2.3. Microfluidics Experiments

To determine the effect of the KCl brine, HPAM solution, and the polymeric nanofluid, an injection rate of 1 ft/d (0.19 μL/min) was employed, and experiments were performed at 25 °C. First, the microdevice was saturated with crude oil. This was followed by KCl brine injection, until no oil was observed in the production outlet. Further, the HPAM solution was injected until oil production equal to zero was reached, and finally, the polymeric nanofluid is injected to evaluate any additional oil recovery.24

3. BSEO Method Description and Implementation

To assess its performance, 426 images were used. These images were captured during the sequential flooding of both the polymer solution and the polymeric nanofluids. In this work, BSEO is proposed as an alternative method for segmenting images from flooding experiments, and it was implemented in Python38 using the Jupyter Notebook within the Anaconda environment.
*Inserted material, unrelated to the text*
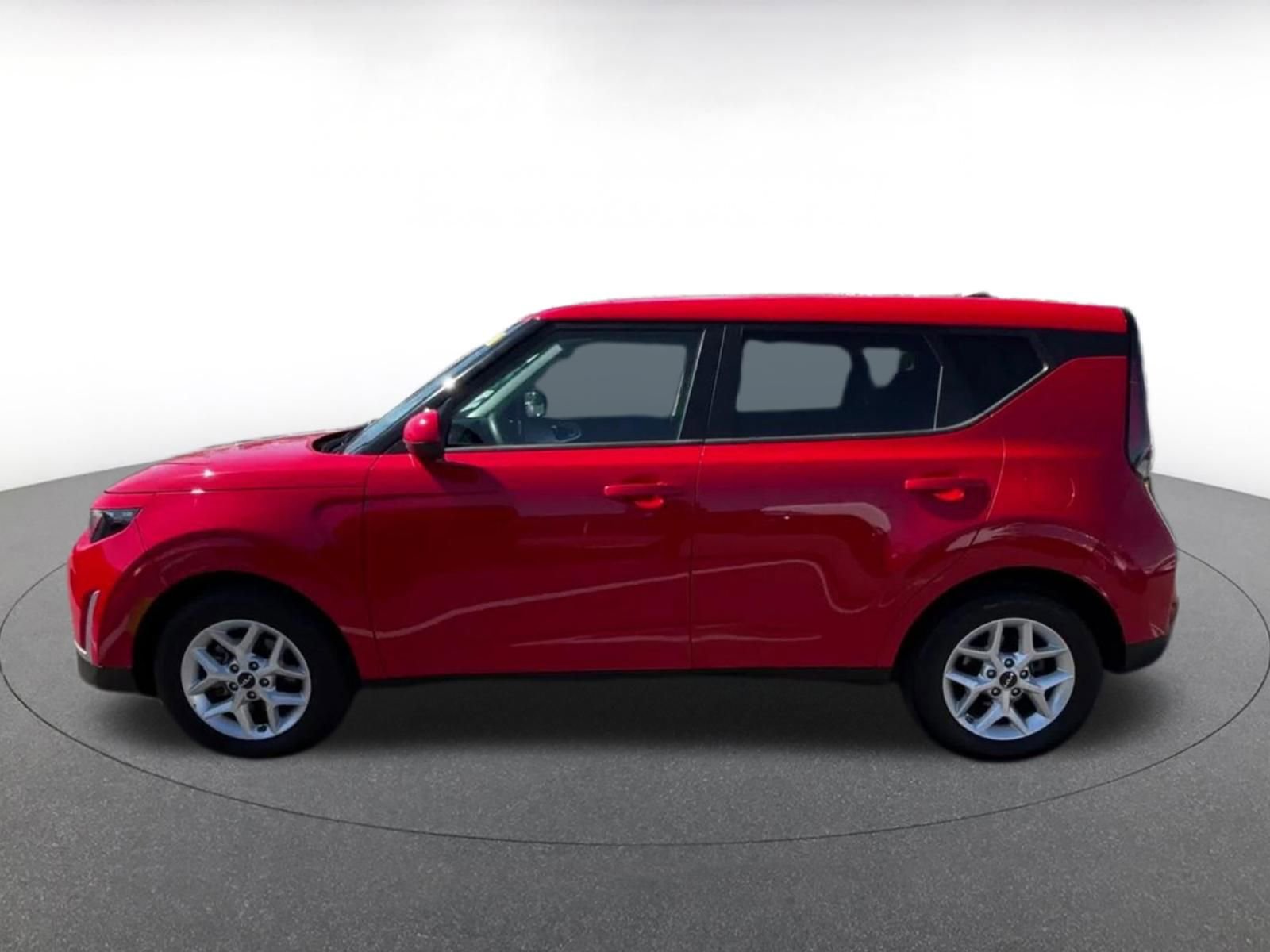 Used 2025 Kia Soul LX w/ LX Technology Package FWD image 8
3.1. Image Processing Algorithm

A semiautomatic algorithm was developed to calculate the oil recovery percentage of the flooding experiments. Considering the high contrast between the oil and the injection fluids present in the acquired images, differentiation between the two phases became possible through the establishment of an appropriate threshold value and the conversion of the images into the binary form. Consequently, the difference between the initial state of the black pixels and the final state was interpreted as a recovered oil. As an example, data from Santamaria et al.24 are employed. Here, the authors evaluated different mechanisms of nanoCEOR using polymeric solutions in the presence of nanofluids.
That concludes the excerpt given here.